6. .summary() — the paper-ready Table 1¶
.summary() combines the most useful rows of extended_stats with the three L-moment ratios into a 13-row table. This is the kind of table you put at the top of a paper's methods or study-area section.
sm = ts.summary()
print(sm)
Temp count 3650.000000 mean 11.177753 std 4.071837 cv 0.364280 skewness 0.172283 kurtosis -0.063105 min 0.000000 max 26.300000 iqr 5.700000 mad 2.800000 L-CV 0.205910 L-skewness 0.011727 L-kurtosis 0.048175
7. Quick visual sanity check¶
Plotting the raw data makes the statistics easier to interpret. We can clearly see the annual seasonal cycle — that seasonality is why the standard deviation is fairly large while the skewness is near zero (the distribution is roughly symmetric around an annual mean).
fig, ax = plt.subplots(figsize=(10, 3))
ts['Temp'].plot(ax=ax, linewidth=0.3)
ax.set_title('Daily temperature, 1981 onward')

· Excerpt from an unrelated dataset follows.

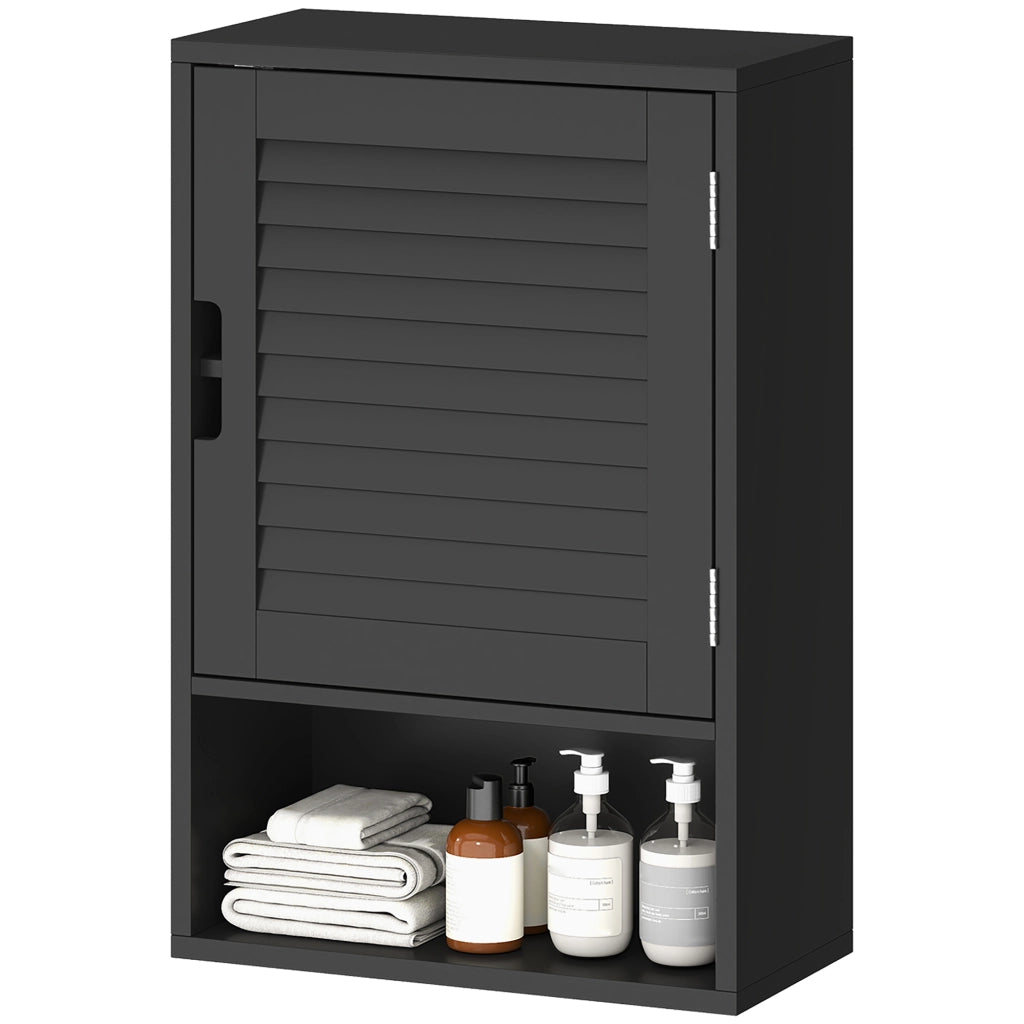 Armadietto Bagno a Parete Salvaspazio con Ripiano Regolabile e Anta Ammortizzata Mobile Pensile Moderno 40x20x60 cm Nero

ax.set_ylabel('Temperature (C)')
ax.axhline(ts.stats.loc['mean', 'Temp'], color='red', linestyle='--', linewidth=1, label='mean')
ax.legend()
plt.show()
8. Summary¶
In this notebook you met the core descriptive tools of TimeSeries:
| Method | Purpose |
|---|---|
.stats |
8-row pandas describe() |
.extended_stats |
17-row table with CV, skewness, kurtosis, percentiles, IQR, MAD |
.l_moments(nmom=...) |
Robust moment ratios (Hosking, 1990) |
.summary() |
13-row paper-ready combined table |
Rule of thumb. If your data has outliers or a small sample size, trust L-moments and MAD over ordinary moments and standard deviation.
Reference. Hosking, J. R. M. (1990). L-moments: Analysis and estimation of distributions using linear combinations of order statistics. JRSS B, 52(1), 105-124.